How to avoid memory waste when storing UTF – 8 characters (8 bits) in Java characters (16 bits) two-in-one?
I'm afraid I have questions about the details of a rather over saturated topic. I searched a lot, but I can't find a clear answer - this is particularly obvious - important question:
When converting byte [] to string using UTF-8, each byte (8 bits) becomes an 8-bit character encoded by UTF-8, but each UTF-8 character is saved as a 16 bit character in Java Is that right? If so, does this mean that each stupid Java character uses only the first 8 bits and consumes twice as much memory? Is that right? I want to know how this waste is accepted
Is there any trick to have an 8-bit pseudo string? Does this actually reduce memory consumption? Or, is there a way to store 8-bit characters in > two < one Java 16bit characters, which can avoid this kind of memory waste? Thank you for any confusing answers... Editor: Hi, thank you for your answers I know the variable length attribute of UTF - 8 However, since my source is an 8 - bit byte, I understand (obviously wrong) that it only needs 8 - bit UTF - 8 words Does the UTF-8 conversion actually save the strange symbols you see when you see "cat somebinary" on the CLI? I think UTF - 8 is only used to map the bytes of each possible 8 - bit word to a specific 8 - bit word of UTF - 8 Wrong? I thought about using Base64, but it's terrible because it only uses 7 bits
Reformulated question: is there a smarter way to convert bytes to strings? Perhaps my favorite is to convert byte [] to char [], but after that, I still have 16 bit words
Other use case information:
I am adjusting jedis (the Java client of NoSQL redis) as the "original storage layer" of hypergraphdb Therefore, jedis is another "database" database My problem is that I must always provide jedis with byte [] data, but internally, > redis < (actual server) only processes "binary security" strings Since redis is written in C language, char is 8 bits long and AFAIK is 7 bits instead of ASCII However, in jedis, in the Java world, each character is 16 bits long internally I don't know this code yet, but I want jedis to convert this Java 16 bit string into a redis compliant 8-bit string ([here] [3]) It says it extends filteroutputstream I want to bypass it byte [] < - > string full conversion and use filteroutputstream...?)

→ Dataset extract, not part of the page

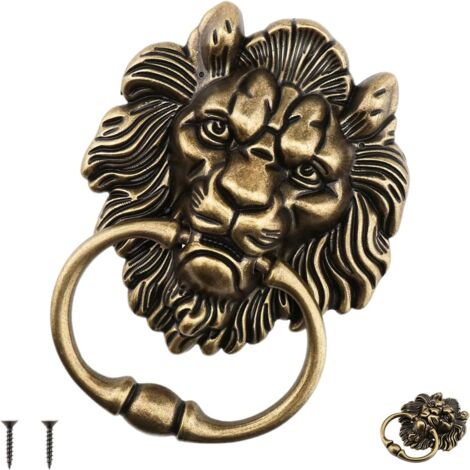 15.6cm Heurtoir de Porte à Tête de Lion, Antique Bronze Lions Tête Heurtoir,Lion Heurtoir en Forme pour Portes D'entrée la Décoration de la Maison (1/5)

Now I want to know: if I have to swap byte [] and string all the time, and the amount of data is from very small to possibly very large, then passing each 8-bit character into 16 bits in Java won't waste a lot of memory?
Solution
Yes, please make sure you have the latest version of Java
The above is how to avoid memory waste when storing UTF-8 characters (8 bits) in Java characters (16 bits) two-in-one? I hope this article can help you solve how to avoid memory waste when storing UTF-8 characters (8 bits) in Java characters (16 bits) two-in-one? Program development problems encountered.
If you think the content of the programming home website is good, you are welcome to recommend the programming home website to programmers and friends.